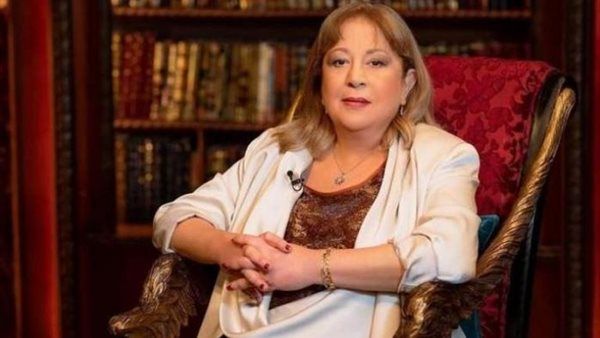 سمية الألفي تنجو من حريق هائل في منزلها
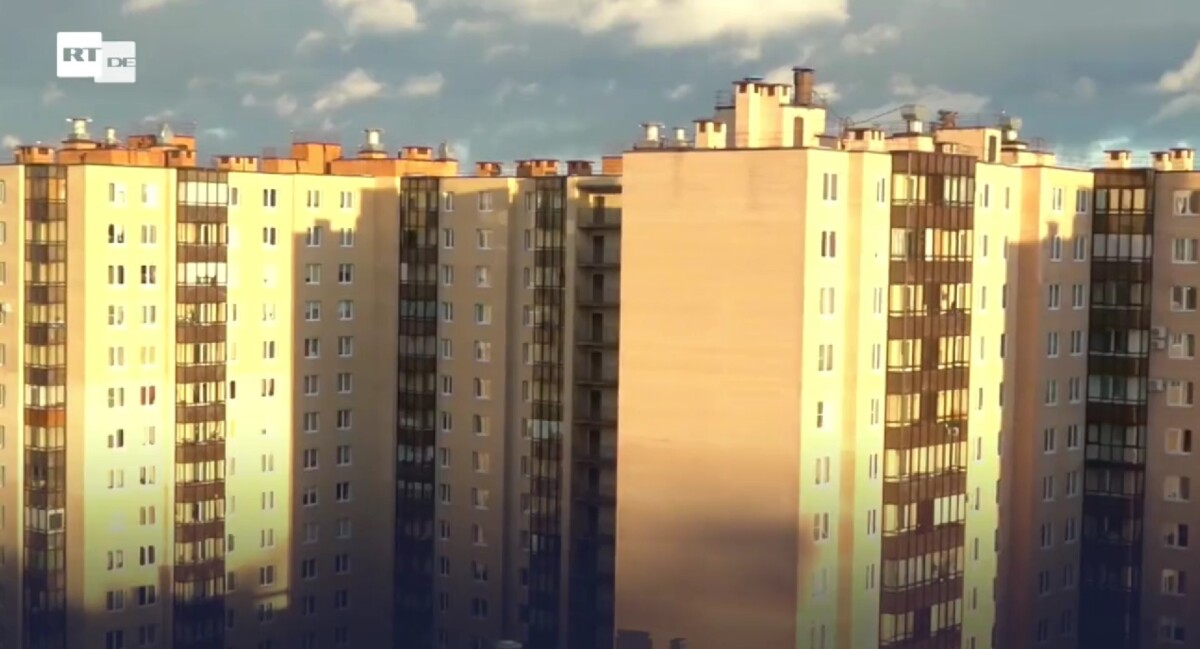 ВИДЕО Во оваа зграда живеат над 18.000 луѓе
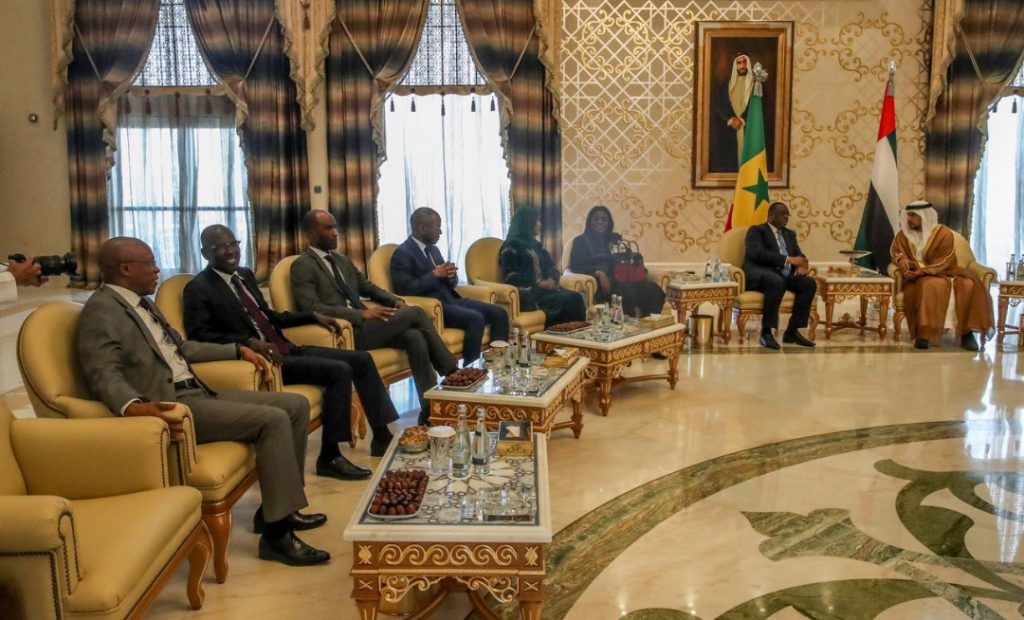 (Photos) Les belles images de l’arrivée du Président Macky Sall à Abou Dhabi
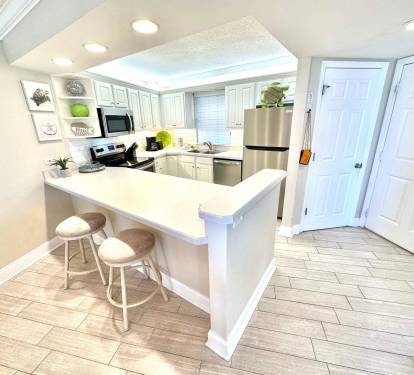Fully Stocked Kitchen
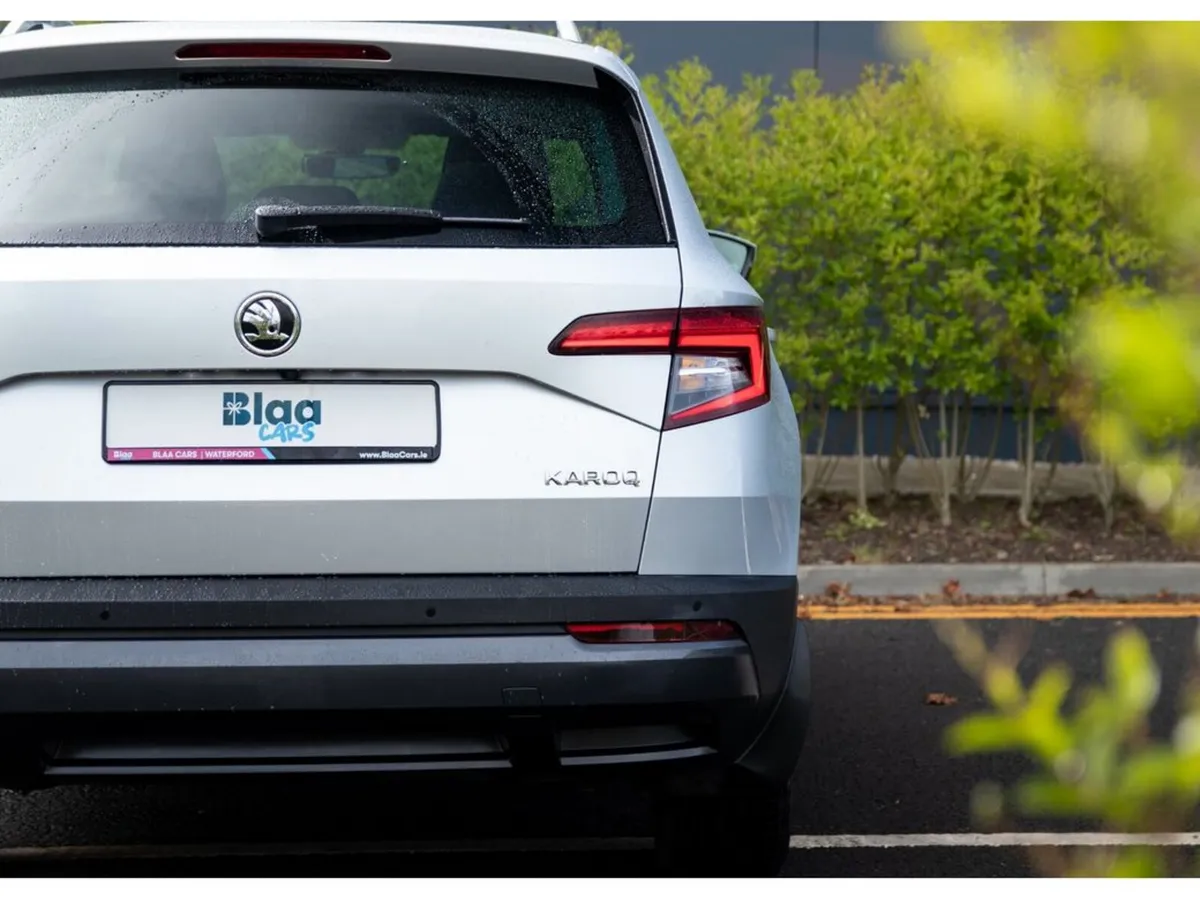 Skoda Karoq Estate, Diesel, 2019, Grey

# EXERCISE
What is needed is an exact repetition of every entry, without the pictures.

# WRITTEN RESPONSE
 سمية الألفي تنجو من حريق هائل في منزلها
 ВИДЕО Во оваа зграда живеат над 18.000 луѓе
 (Photos) Les belles images de l’arrivée du Président Macky Sall à Abou Dhabi
Fully Stocked Kitchen
 Skoda Karoq Estate, Diesel, 2019, Grey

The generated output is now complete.